# [EXERCISE GOAL]
Look through the entries below for the line with "Used 2024 Ford F350 XL AWD/4WD image 31" and the line with "Kim Stampato 9 - White", then give again exactly those two lines and all lines between them, minus the pictures.

# [SOURCE DATA]
####################

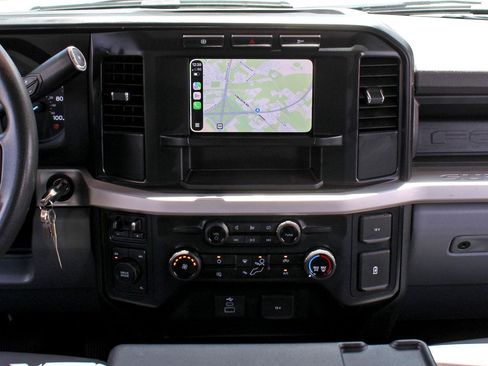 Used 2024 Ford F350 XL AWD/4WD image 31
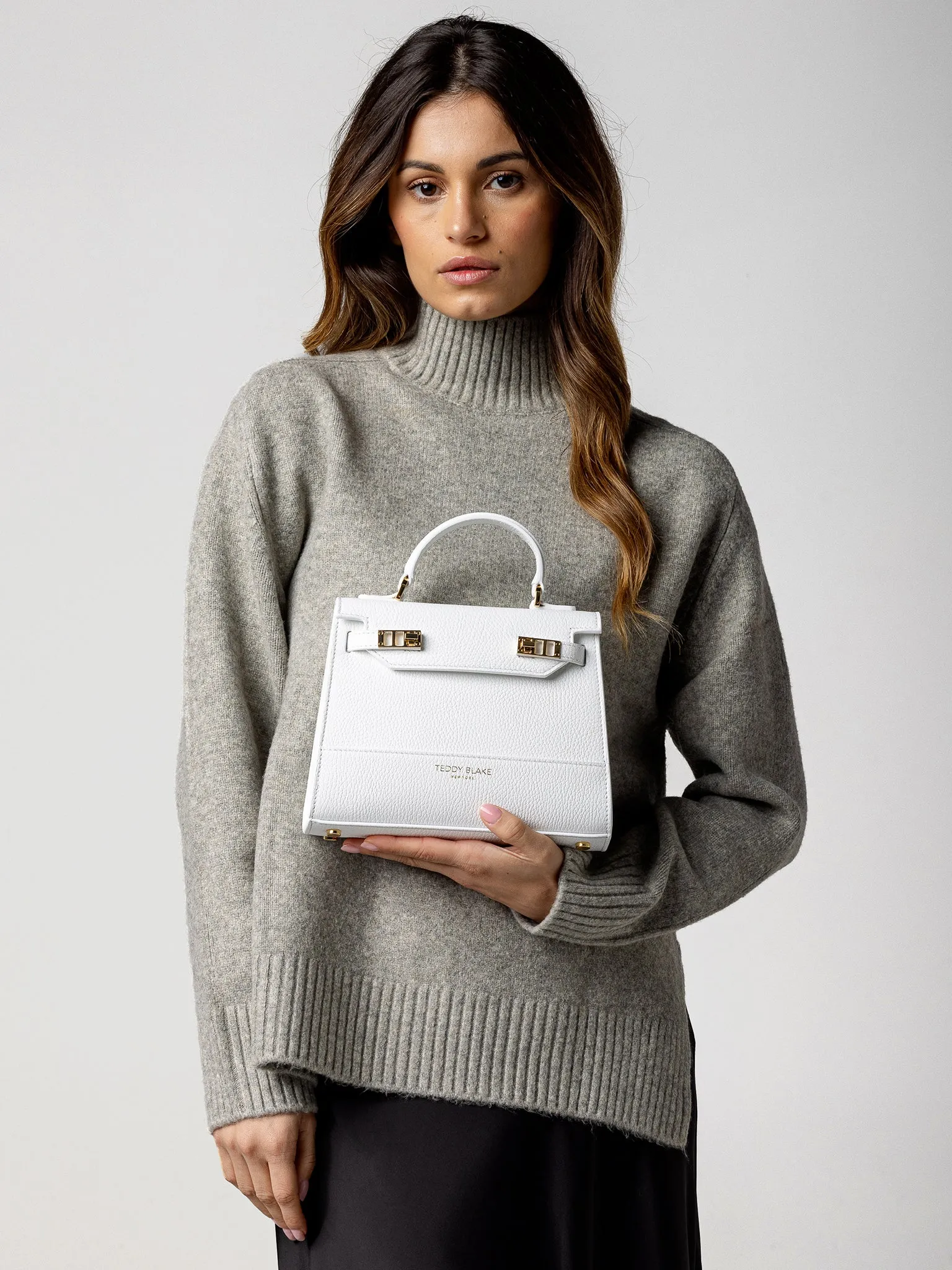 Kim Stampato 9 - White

####################

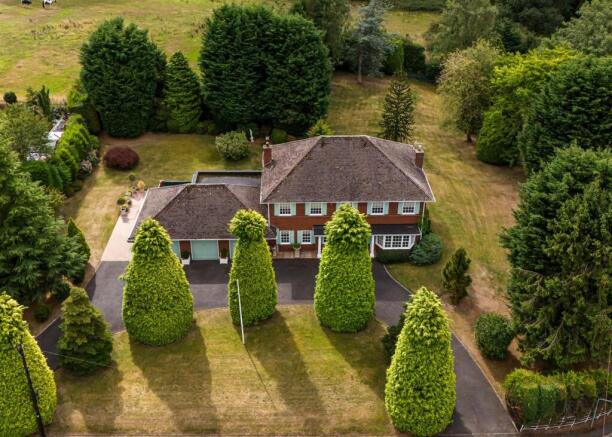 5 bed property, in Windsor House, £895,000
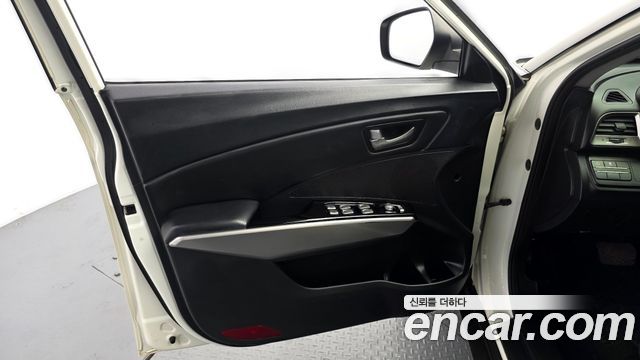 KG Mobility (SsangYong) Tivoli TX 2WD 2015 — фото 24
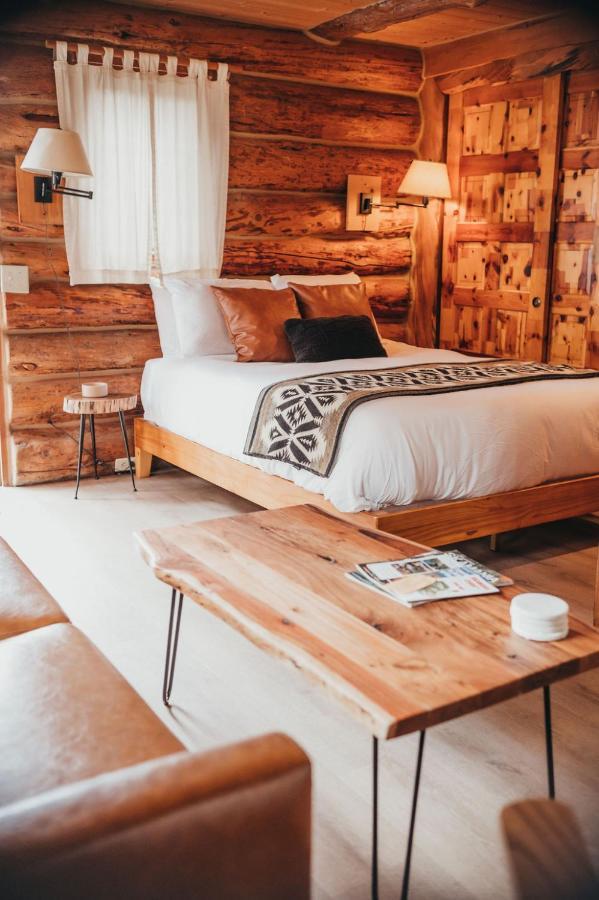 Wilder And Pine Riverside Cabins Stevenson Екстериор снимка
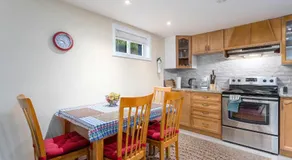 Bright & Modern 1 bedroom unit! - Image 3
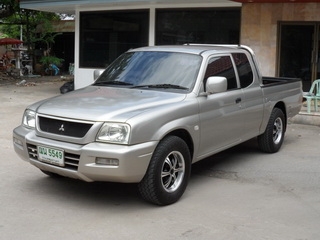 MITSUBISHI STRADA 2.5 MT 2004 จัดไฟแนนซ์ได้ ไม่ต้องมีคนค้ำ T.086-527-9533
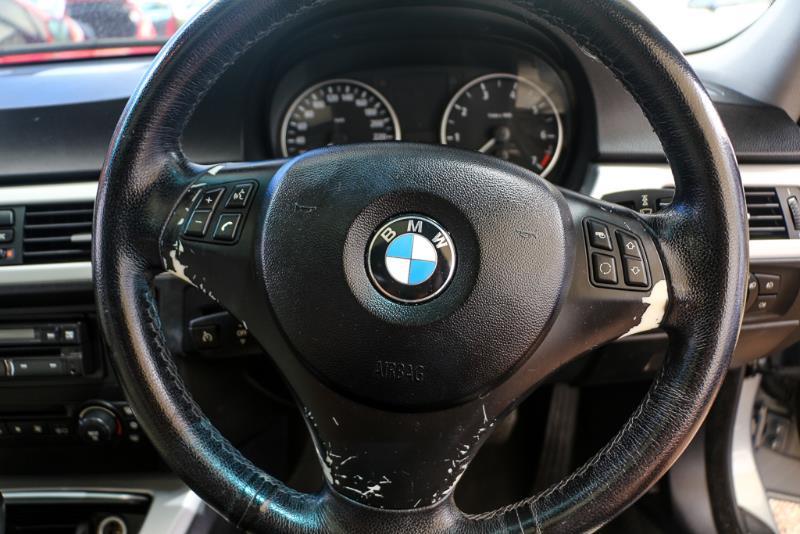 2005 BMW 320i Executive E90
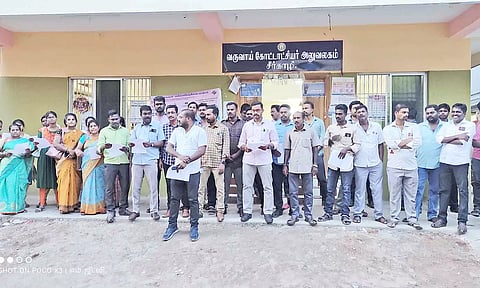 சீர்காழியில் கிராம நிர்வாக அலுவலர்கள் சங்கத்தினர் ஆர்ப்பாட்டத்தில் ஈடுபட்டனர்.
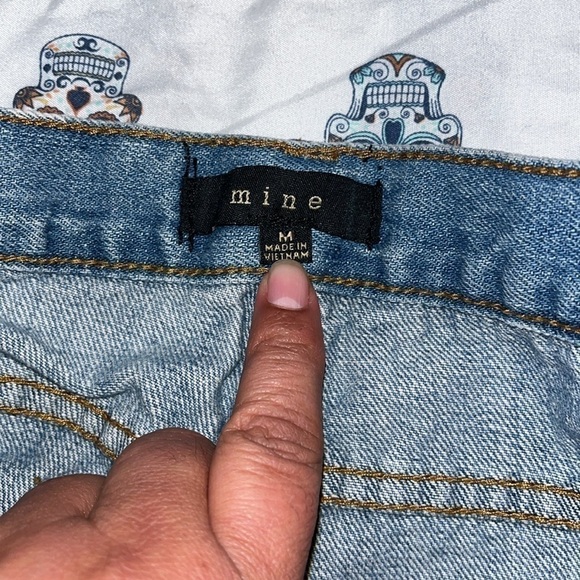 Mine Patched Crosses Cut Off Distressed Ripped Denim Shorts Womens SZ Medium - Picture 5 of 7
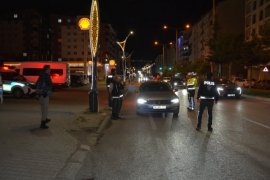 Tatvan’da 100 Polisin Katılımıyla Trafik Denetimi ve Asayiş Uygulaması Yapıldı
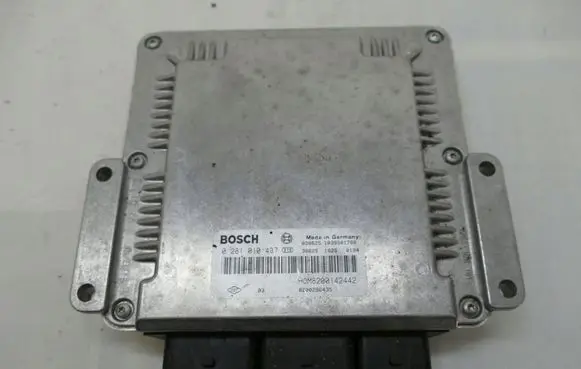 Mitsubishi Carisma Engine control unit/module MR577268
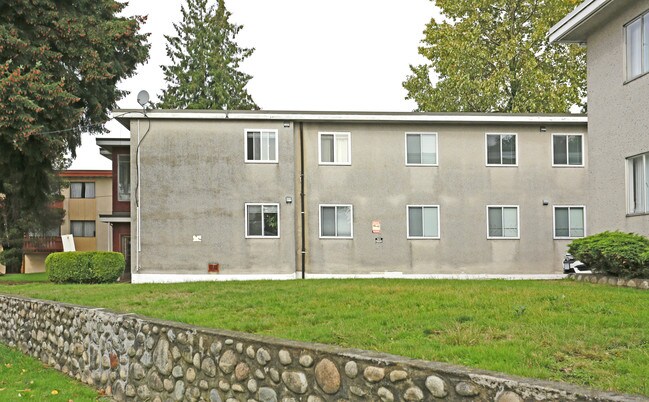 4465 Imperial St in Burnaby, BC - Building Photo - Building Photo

####################

# [ANSWER TO THE PROBLEM]
 Used 2024 Ford F350 XL AWD/4WD image 31
 Kim Stampato 9 - White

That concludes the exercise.